# Kamikaze - Artificial Clear Coat



## Jbjergh (Nov 18, 2014)

I have a Honda Civic black with a soft butter paint. 
Hate that Honda Paint. 

I will give Kamikaze - Artificial Clear Coat a try. 
But what to do next. 
Kamikaze ia known to be "non solvent and VOC free". But to be honest, I do not care . I just want the best product. 

But should I use Gtechniq (C1/EXO), Greyon or Kamikaze - Miyabi Coat?

I really dont care about solvents.


----------



## Yellow Dave (Apr 5, 2011)

when I asked it needs to be some form of solvent free coating otherwise it will interfere with the artificial clear coat. It also needs to be a coating to protect it and stop it washing away


----------



## Summit Detailing (Oct 9, 2006)

I've used this on a Jaguar Ftype with soft clearcoat at the client's request - utter rubbish, I wouldn't waste your money.

To think I was asked to remove the previously applied C1+Exo for this is even more galling:wall:


----------



## Yellow Dave (Apr 5, 2011)

Can you give any more detail?


----------



## Summit Detailing (Oct 9, 2006)

Yellow Dave said:


> Can you give any more detail?


What would you like to know?


----------



## Yellow Dave (Apr 5, 2011)

Why was it utter rubbish and a waste of money, did it not fill, not last very long or both? Do it do anything very well. What was it like to apply and what did you apply over the top


----------



## sm81 (May 14, 2011)

Yellow Dave said:


> Why was it utter rubbish and a waste of money, did it not fill, not last very long or both?

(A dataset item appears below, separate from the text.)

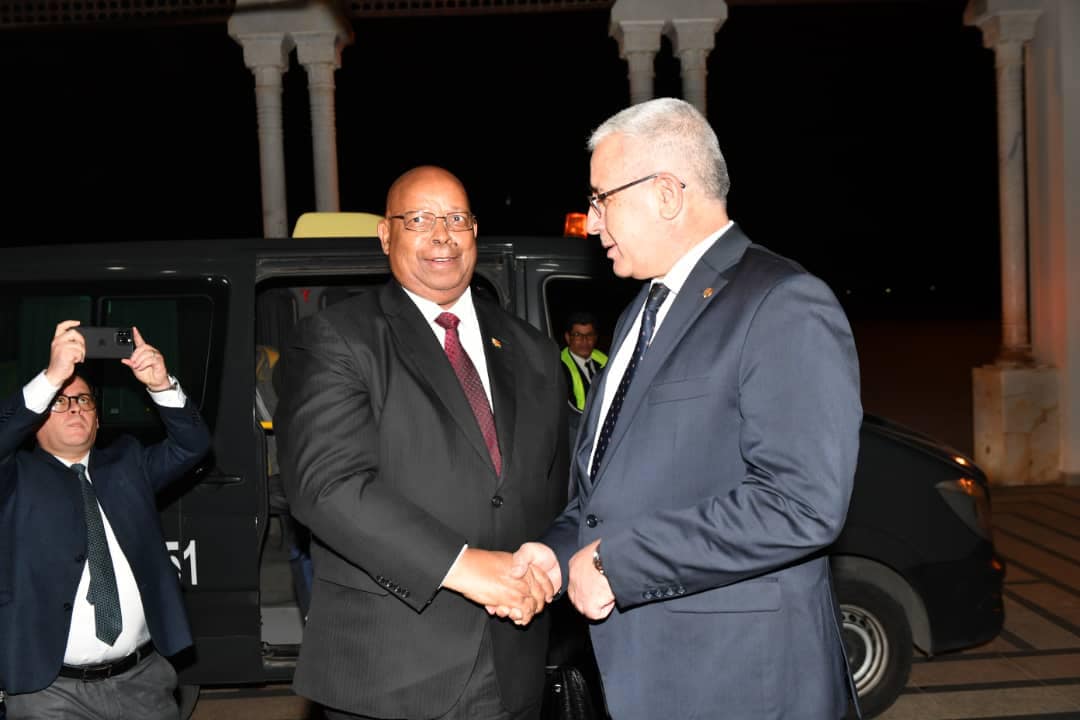 The President of the National Assembly of the Republic of Zimbabwe arrives in Algeria - Al-Hiwar Al-Jazaeryia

Do it do anything very well. What was it like to apply and what did you apply over the top


Yes, tell us please.


----------



## Summit Detailing (Oct 9, 2006)

Yellow Dave said:


> Why was it utter rubbish and a waste of money, did it not fill, not last very long or both? Do it do anything very well. What was it like to apply and what did you apply over the top


Ok, so I applied using the specific KK pad on a DA exactly as per their instructions...

-The bottle requires frequent shaking to ensure the milky looking product hasn't split, not a big deal maybe but became annoying after a while.

-The product dusted on application on the first panel, which seemed a little odd given the type of product it is.

-Loading the pad up with product helped alleviate the dusting, apart from the rear bumper and side skirts:speechles

-Product residue reminded me of Megs #7 in terms of what the panel looked like after application, before removal, it also buffed off like #7

-Did it fill?...errrr no! I put some tape across the driver's door diagonally and applied to one side, removed the tape and asked the client who is a keen enthusiast to inspect the driver's side of the car (not just the door) to see if he could see where I'd applied the product - he couldn't!

-Panel after application felt 'smooth' compared to a naked panel - but not slick like a Gtechniq finish or indeed Zaino Z2.

I've not heard from him regarding durability or things like water behaviour but it can't be great otherwise he'd have emailed as he did after some Gtechniq action on the first car in his collection that I detailed:detailer:

Just my 2p worth from using the product at the client's request:thumb:


----------



## ICBM (Feb 7, 2015)

Summit Detailing said:


> Ok, so I applied using the specific KK pad on a DA exactly as per their instructions...
> 
> -The bottle requires frequent shaking to ensure the milky looking product hasn't split, not a big deal maybe but became annoying after a while.
> 
> ...


Mine went on Ebay after 1 use. I love the Kamikaze, but ACC was utter rubbish. Used as per instruction and with the correct applicator.


----------



## sm81 (May 14, 2011)

Summit Detailing: Have you used others Kamikaze products?


----------



## Summit Detailing (Oct 9, 2006)

sm81 said:


> Summit Detailing: Have you used others Kamikaze products?


No I haven't, and certainly wouldn't consider any others in the future:thumb:


----------



## fethead (May 12, 2007)

Close shave as I almost bought artificial clear coat. 

Maybe one of the stockists would like to step up and demonstrate its abilities. Maybe CYC or even better Esoteric Detailing in the US?!

Richard


----------